Nestas cartas, os enunciados sugeriam diferentes exercícios diarísticos, como “Hoje vou escrever um poema, ou um texto. Quem sabe a letra de uma futura música? Será sobre um sentimento ou um acontecimento? A quem é dirigido?” ou “Desenho sobre o meu futuro” ou “Registo de uma cena que me tenha marcado no dia de hoje, seja na cela, no pátio, entre colegas”. E as cartas, os poemas, os desenhos foram chegando.
Podemos dizer que o tema, para estas pessoas confinadas numa prisão, já não era novidade – mas nem assim ficaram imunes aos efeitos da pandemia. Filipa Reis explica que, neste caso, “o confinamento é muito pior do que para nós, porque todas as alegrias que existiam durante a semana foram retiradas, fosse de visitas como nós, fosse de visitas de familiares. Portanto, é quase um confinamento ao quadrado”. E isto é, certamente, uma situação difícil de imaginar para alguém que vive em liberdade, “mesmo depois de ter vivido numa situação de confinamento”.
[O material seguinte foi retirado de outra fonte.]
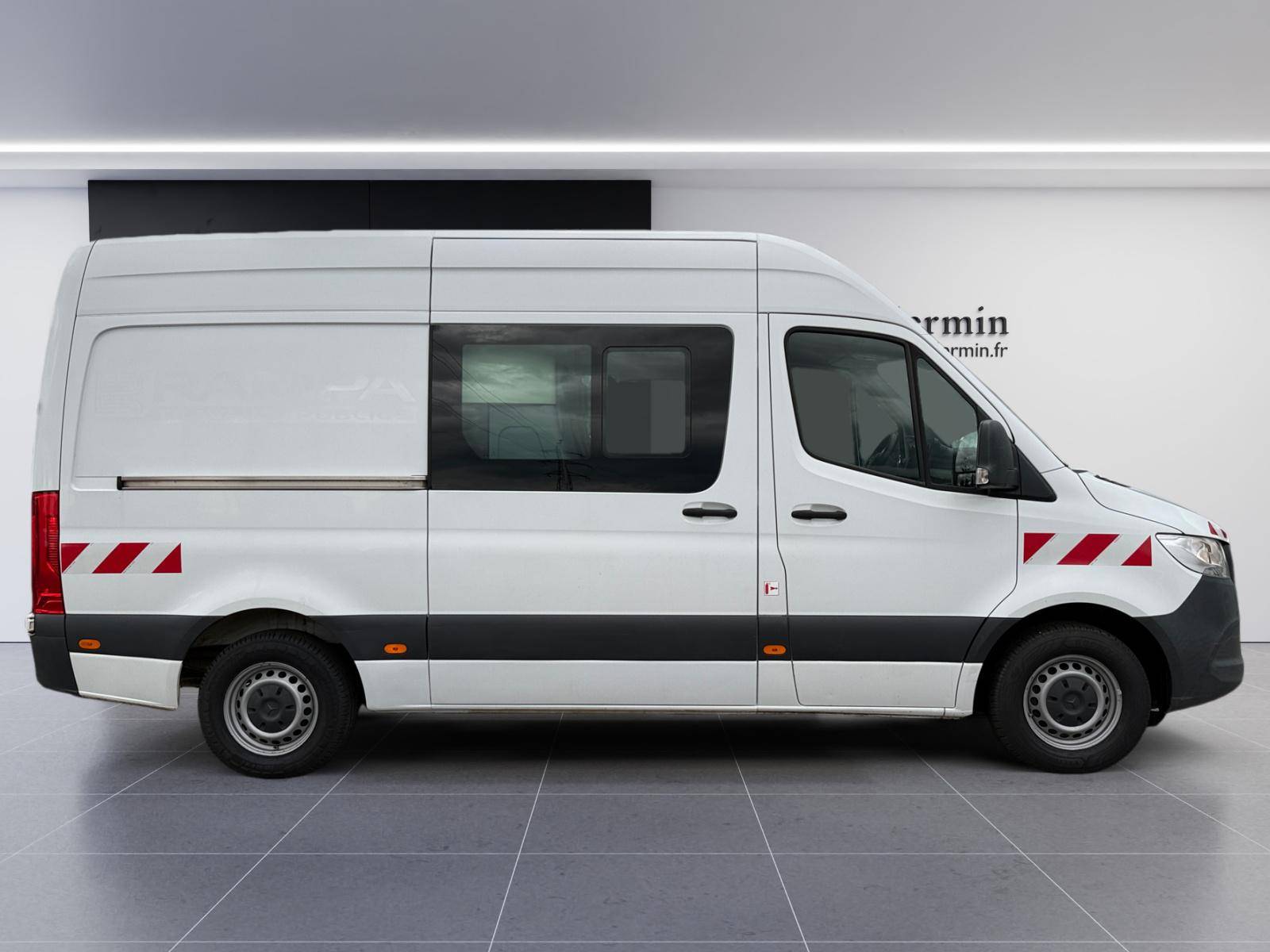 Image Mercedes-Benz SPRINTER 314 CDI Fourgon Toit sureleve Standard  SPRINTER FGN 314 CDI 37 3.5T PROPULSION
Não será por isso de estranhar a adesão dos reclusos a estes estímulos, à possibilidade de exteriorizar uma realidade sufocante e solitária. “Recebemos um conjunto de material tão interessante que agora a fase em que estamos é a de tentar abrir ainda mais esta ideia de parceria artística (…). Estamos a tentar convidar artistas de outros campos das artes e pôr esses artistas em diálogo com o material que foi produzido”, conta Filipa. E acrescenta que “é esta a grande conclusão do efeito da pandemia no nosso projeto. Perante esta dificuldade nós identificamos outras oportunidades. Em vez de parar, continuámos, e esse continuar transforma-se noutra coisa”.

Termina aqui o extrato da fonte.